ParamSpec (short for Parameter Specification) captures the signature of one function so you can use it to describe another. It’s like a TypeVar but for a function’s parameters and return type.
Let’s say you want a decorator that logs the arguments of any function it wraps.
from typing import TypeVar, ParamSpec, Callable, cast
import logging
P = ParamSpec("P") # Captures Parameters
R = TypeVar("R") # Captures Return type
def log_arguments(func: Callable[P, R]) -> Callable[P, R]:
"""A decorator that logs the function call before invoking it."""
def wrapper(*args: P.args, **kwargs: P.kwargs) -> R:
arg_str = ", ".join([repr(a) for a in args] + [f"{k}={v!r}" for k, v in kwargs.items()])
logging.info(f"Calling {func.__name__}({arg_str})")
return func(*args, **kwargs)
# We need a cast because the type system can't perfectly model the signature transformation
return cast(Callable[P, R], wrapper)
@log_arguments
def add_numbers(a: int, b: int) -> int:
return a + b
# The type of 'result' is still int, and the signature of add_numbers is preserved.
result = add_numbers(1, 2)
Now, what if your decorator adds an argument? This is where Concatenate comes in. It’s used with ParamSpec to say “the decorated function has the same signature as the original, but with this one extra parameter tacked on at the front.”

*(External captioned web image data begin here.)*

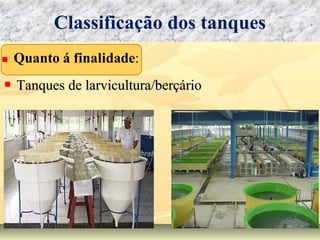  Tanques de larvicultura/berçárioTanques de larvicultura/berçário
Classificação dos tanques
 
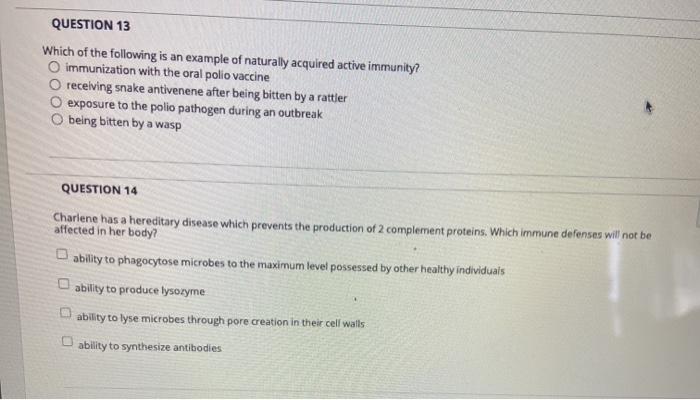 Hurricane helene shows insurance industry that no homes are safe north carolina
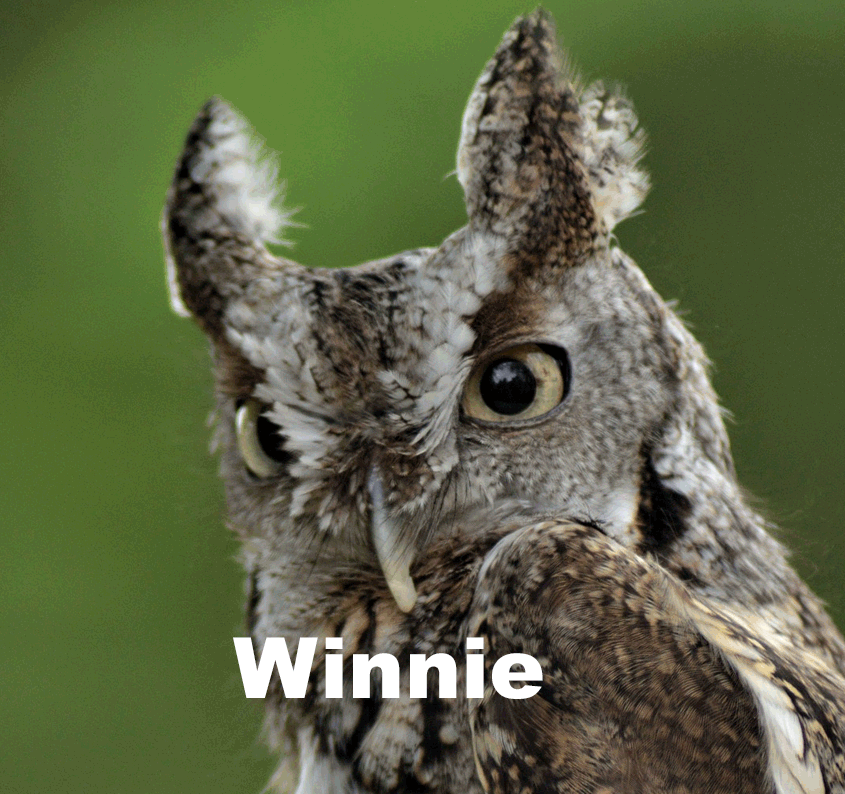 close-up of Eastern Screech Owl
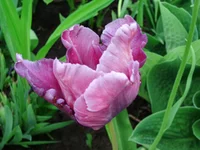  115.webp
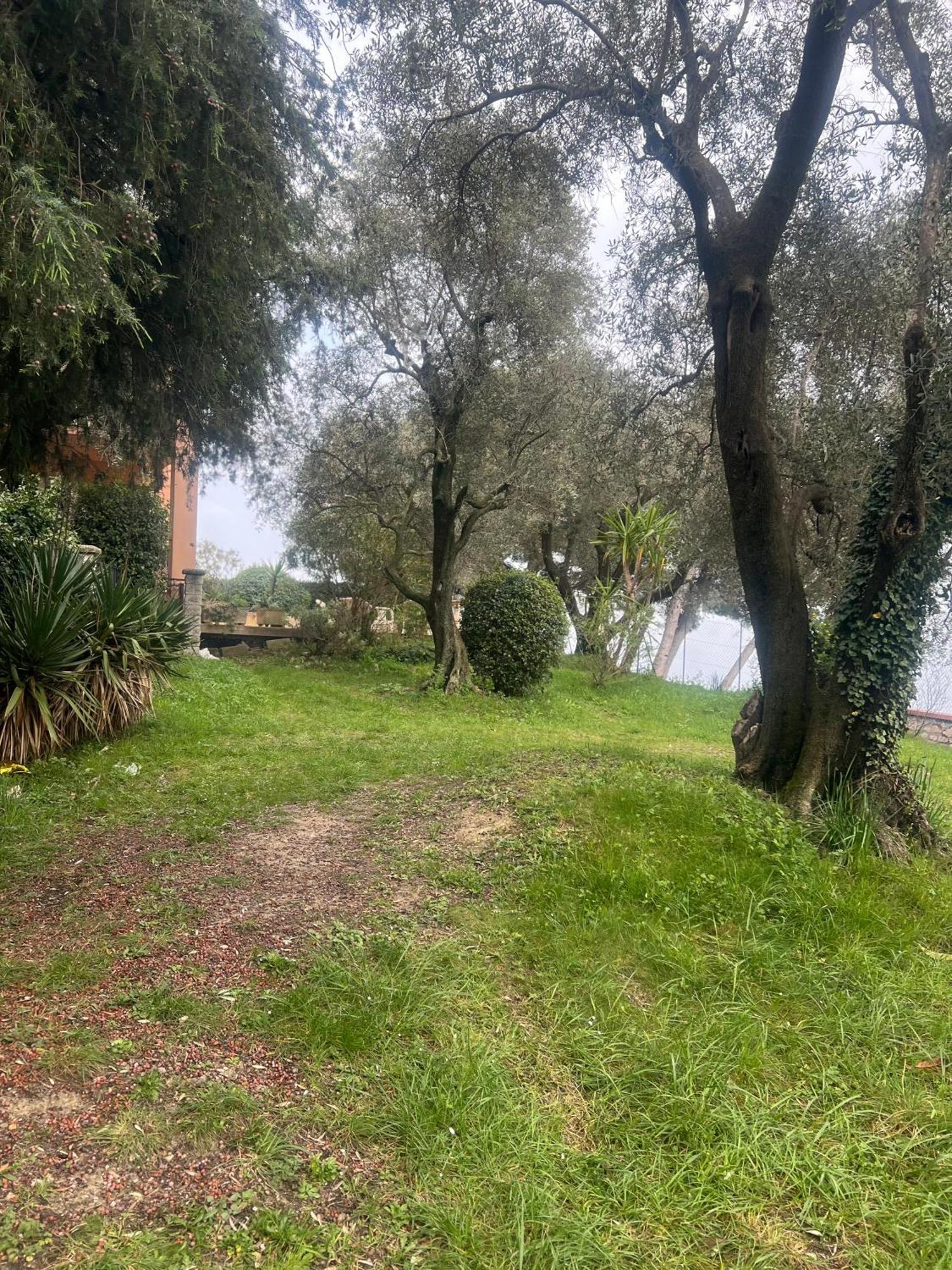 Bas De Villa Vue Mer Eze Village Exterior photo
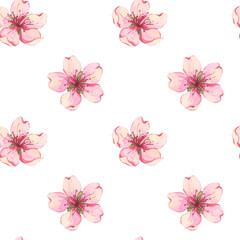 Almond flowers seamless pattern. Simple watercolor pattern of cherry blossoms. Hand drawn botanical illustration for fabric printing. Delicate spring floral print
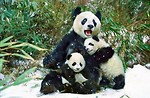 Free Stock Photo: Group of pandas in the snow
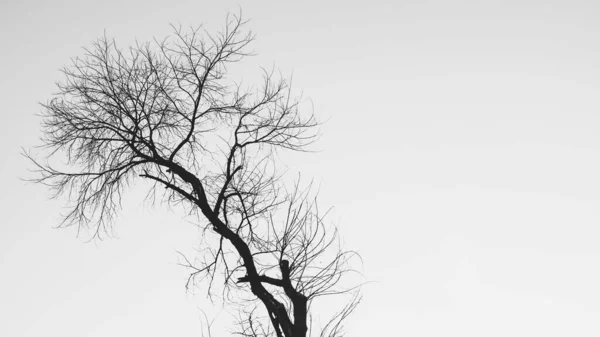 Bezlistne Gołe Drzewo Białym Tle — Zdjęcie stockowe
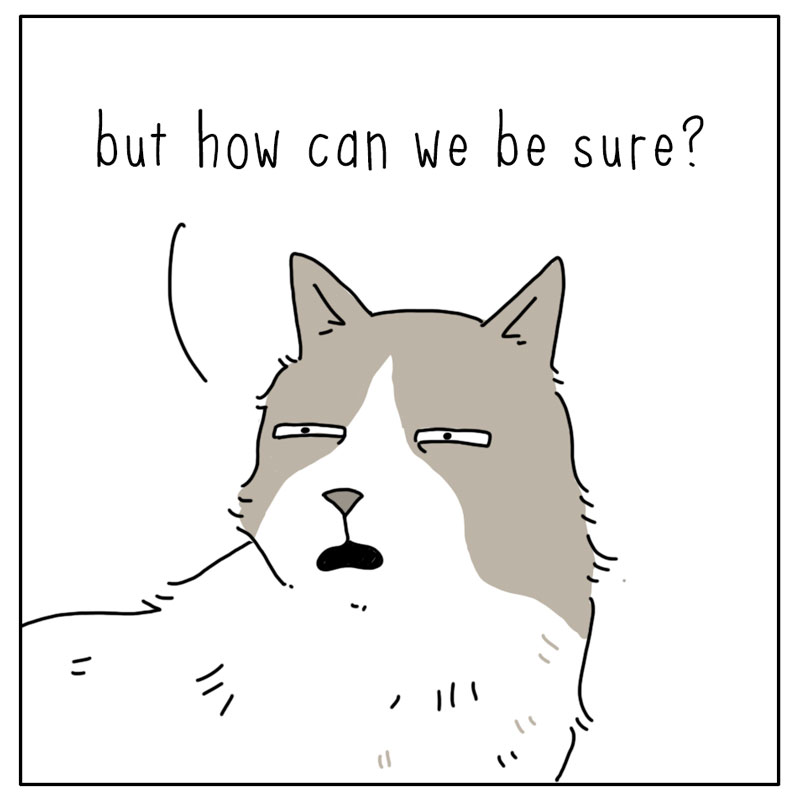 https://cdn.tinyview.com/they-can-talk/2024/04/12/foot/cat_foot4.jpg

Imagine a decorator that injects a database connection as the first argument.
from typing import Concatenate, ParamSpec, TypeVar, Callable
P = ParamSpec("P")
R = TypeVar("R")
DBConnection = TypeVar("DBConnection")
def with_db_connection(func: Callable[Concatenate[DBConnection, P], R]) -> Callable[P, R]:
"""Decorator that provides a DB connection to the wrapped function."""
def wrapper(*args: P.args, **kwargs: P.kwargs) -> R:
conn = get_database_connection() # Some function that returns a connection
return func(conn, *args, **kwargs) # Inject 'conn' as first arg
return wrapper
@with_db_connection
def get_user(conn: DBConnection, user_id: int) -> str:
# ... use conn to query the database ...
return "user_name"
# The decorated function NO longer takes a 'conn' argument.
# The decorator provides it. The signature is now (user_id: int) -> str.
name = get_user(123)
This is complex stuff. The key insight is that ParamSpec captures the relationship between parameters, allowing decorators to manipulate them in a type-safe way. You’ll know you need it when your linter starts screaming about your beautiful decorator. It’s a feature for library authors, not for everyday code, but when you need it, it’s a godsend.